Ruka (To braid/ to knit/ to weave)
Nontsikelelo Mutiti
Due to the process-based nature of the Session program, this project will undergo constant modifications; the features of this page provide accruing information on the project’s developments.
On June 3, 2014, Nontsikelelo Mutiti will begin work on Ruka (To braid/ to knit/ to weave) as part of Recess’s signature program, Session. Session invites artists to use Recess’s public space as studio, exhibition venue and grounds for experimentation.
Over the course of her Session, Mutiti will play the role of the artist, designer, and researcher to a space for the study and practice of hair braiding. While documenting the practice and resulting visual forms, the artist will excavate the language and motifs associated with this method of adornment across traditional and contemporary contexts. From the space, the artist will chart new territory in her artistic research through teaching and learning hair braiding techniques. In partnership with hair braiding professionals as well as members of her own community (of family, friends and colleagues) she will generate and consolidate an archive of materials related to hair braiding salons including archival images, field photography, texts, transcripts of conversations, braiding instructions, combs, and Harlem hair braider business cards. In response to this gathered material, Mutiti will create a new installation of custom floor tiles, video, posters and ephemera using the hair braiding’s formal qualities of repetition and diagramming as a starting point.

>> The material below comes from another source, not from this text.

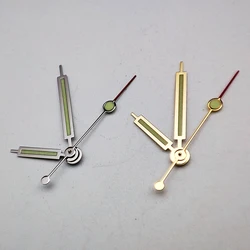 Golden Luminous Watch Hands Watch Needle Modified Watch Accessories for NH35/NH36/4R36 Movement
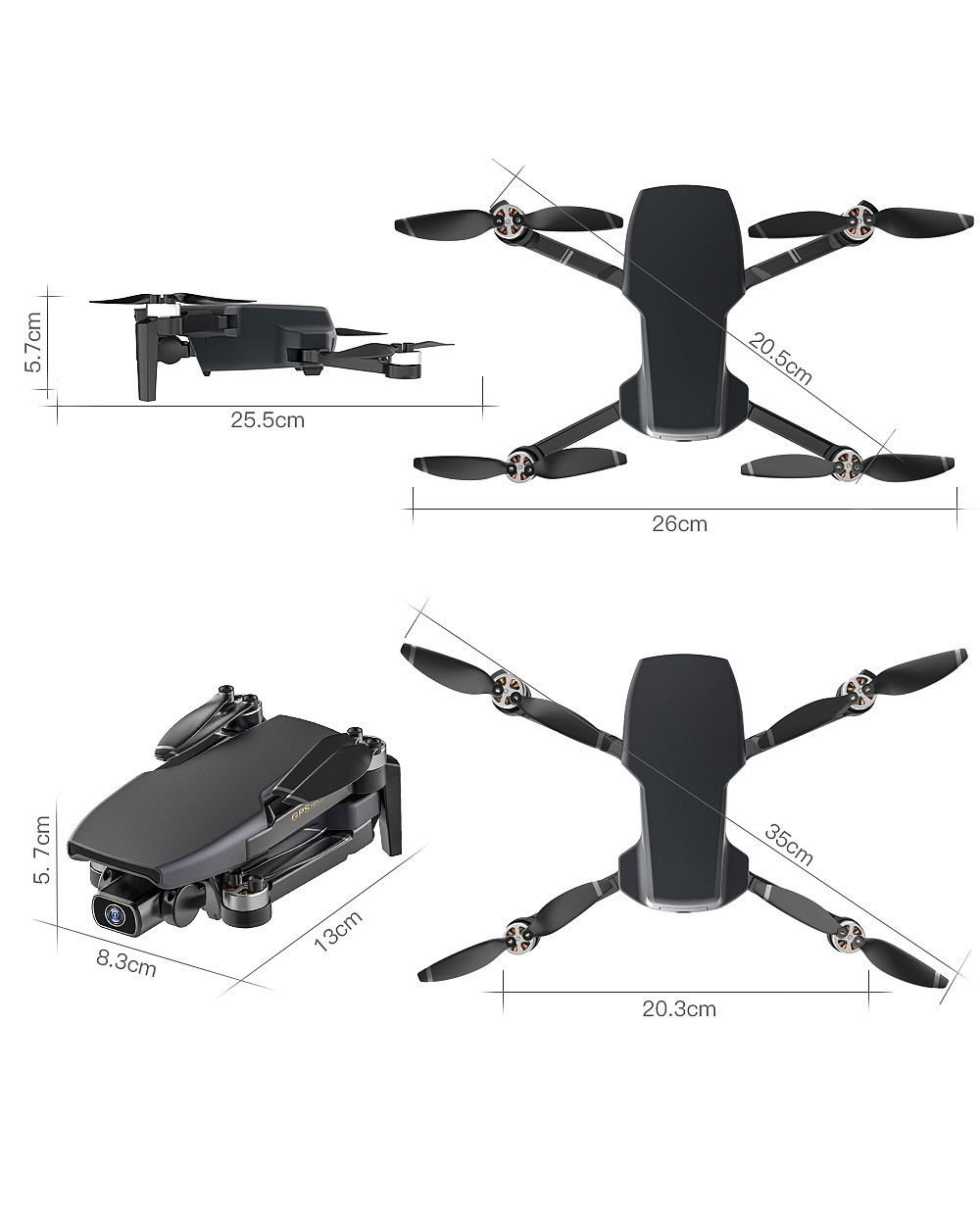 sg108 drone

The African hair braiding salon, which can be found in cities all over the world, is a marker of diaspora and often an important site for African women living abroad to use their braiding skills to generate income. Spaces in New York City and Bedfordshire in the United Kingdom are a type of facsimile of the salons of Harare, Zimbabwe. When building her own installation, the artist will reference these important social spaces with walls painted in acid green or bright orange, magazine cut outs of celebrities, hair product models, flyers and posters from evangelical churches, not forgetting the ubiquitous small black television set on top of a cabinet playing Nollywood movies. The artist’s redrawing of an African hair braiding Salon will support her study of the technical skill involved, as well as provide a space to document and interpret these processes and forms through video, photography and printmaking.